Je savais ce que cela voulait dire pour l'avoir entendu dans ces chansons à l'eau de rose que distille la radio assyrienne, sauf que ce n'est pas une déclaration d'amour, plutôt un adieu : « Tu auras toujours une place dans mon cœur. »

Isham éclate franchement en sanglots et l'embrasse à pleine bouche. Je détourne la tête. Je leur aurais laissé leur intimité s'ils n'avaient pas barré la sortie. Les flots d'aria murmurent une mélodie lancinante et sublime. Tous deux prennent conscience que ce sera sans doute leur dernier échange d'aria et en confectionnent un beau souvenir. Leur étreinte s'achève et Isham s'efface dans l'embrasure de la porte. Farouk contemple sa silhouette longtemps après qu'elle ait disparu du couloir. Je n'ose pas l'en détourner.

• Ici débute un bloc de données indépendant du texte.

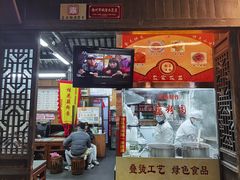 -粗茶淡饭(东关街店)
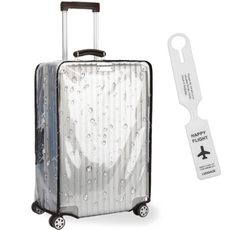 올비에스 캐리어커버 + 네임택 패션의류/잡화/여성패션 반품 최저가 4,890원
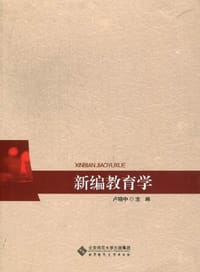 新编教育学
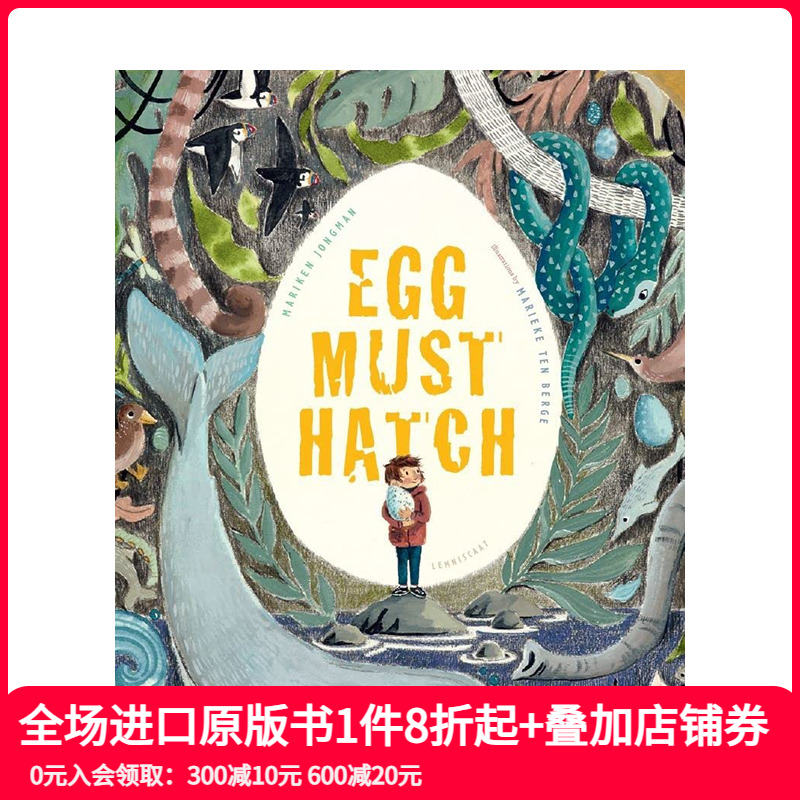 巨蛋孵化记英文儿童绘本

— Pardon, murmure-t-il en revenant finalement se lover contre moi.

— Tu n'as pas d'excuses à me donner.

Pas de folles galipettes comme lors de notre dernière nuit ensemble. C'est une alchimie de douceur, de tendresse, de réconfort. Une bulle dans laquelle nous nous réfugions et flottons à deux... jusqu'à ce que des coups à la porte la brise.

Zineb est revenue de sa mission d'éclaireur.